**Supplied information**
*** Begin section ***

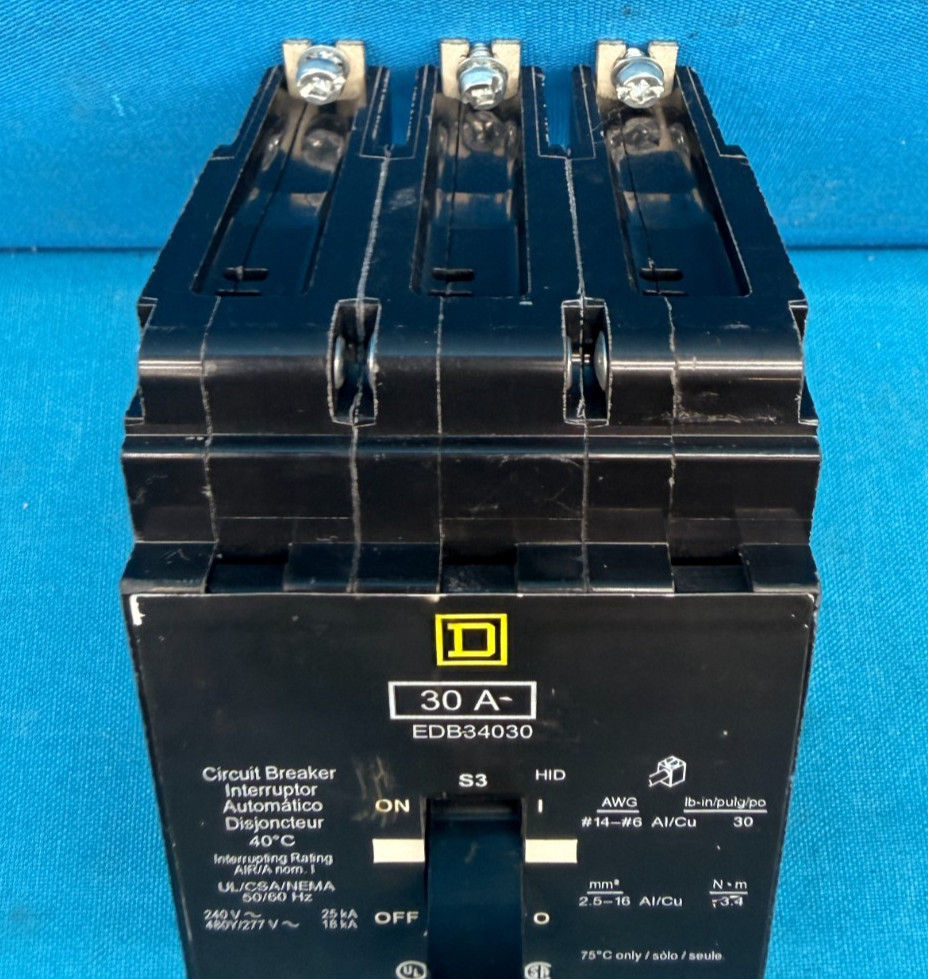 Square D EDB34030 Circuit Breaker 30A 3P 480Y/277V Bolt-On Schneider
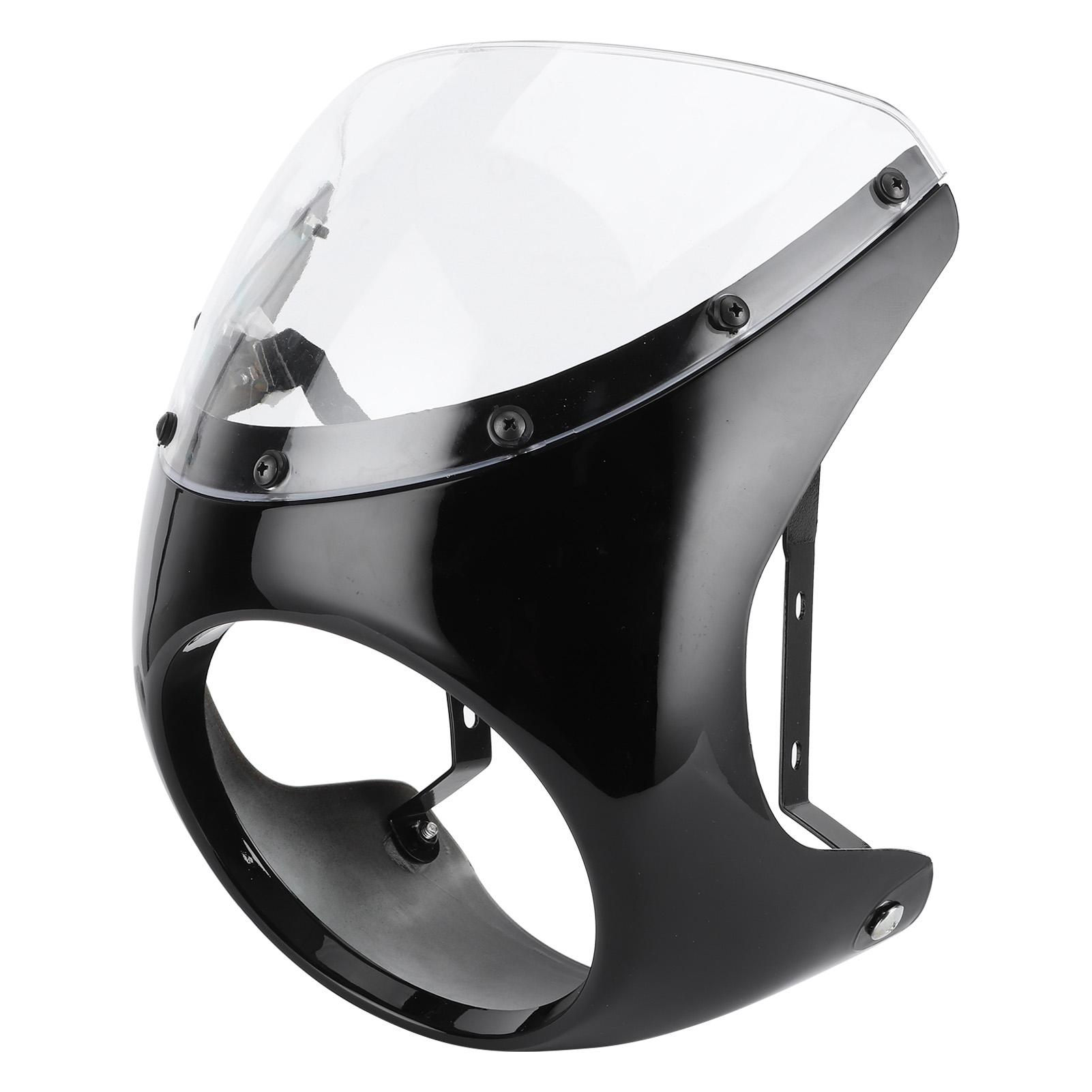 

7-дюймовий обтічник фар Вітровий дефлектор лобового скла універсальний для мотоцикла(Глянцевий Чорний Прозора Лінза )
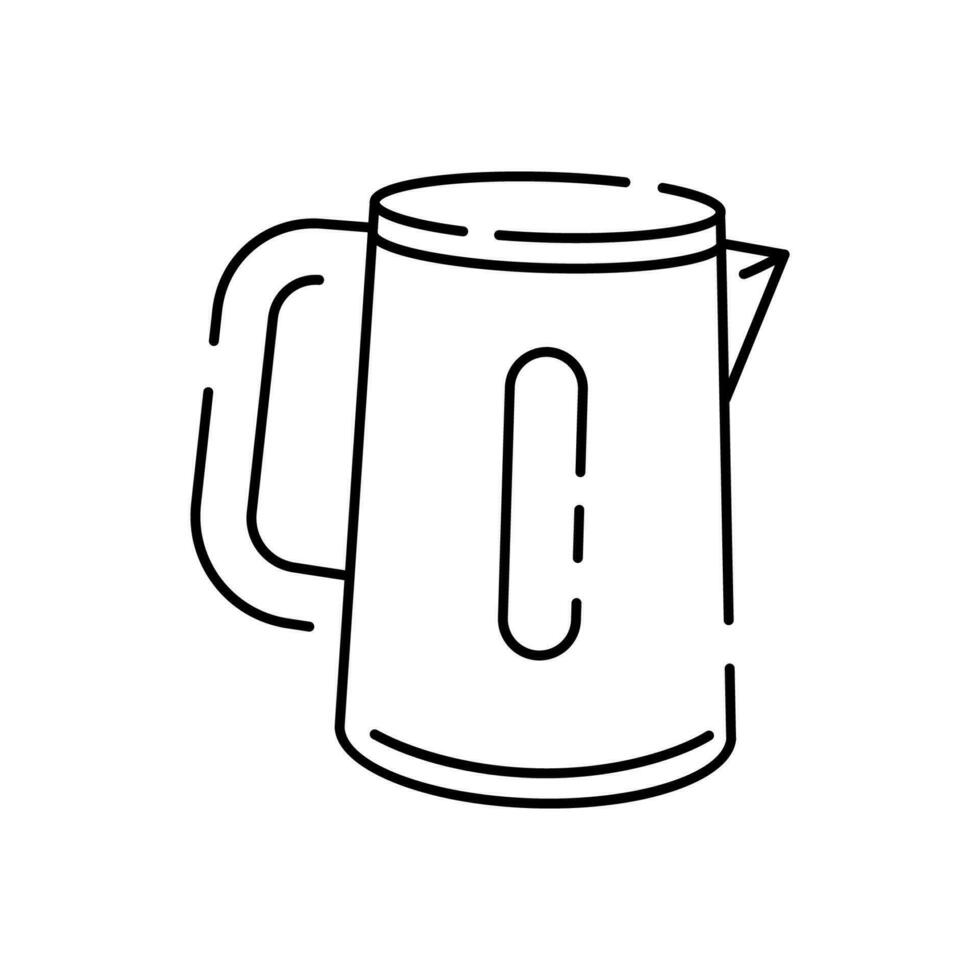 Line icon for tea kettle illustrations with editable strokes. This vector graphic has customizable stroke width. Kitchen Household appliances.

*** End section ***

**Your assignment**
Repeat the data exactly, excluding the pictures.

**Reply to the exercise**
 Square D EDB34030 Circuit Breaker 30A 3P 480Y/277V Bolt-On Schneider

7-дюймовий обтічник фар Вітровий дефлектор лобового скла універсальний для мотоцикла(Глянцевий Чорний Прозора Лінза )
 Line icon for tea kettle illustrations with editable strokes. This vector graphic has customizable stroke width. Kitchen Household appliances.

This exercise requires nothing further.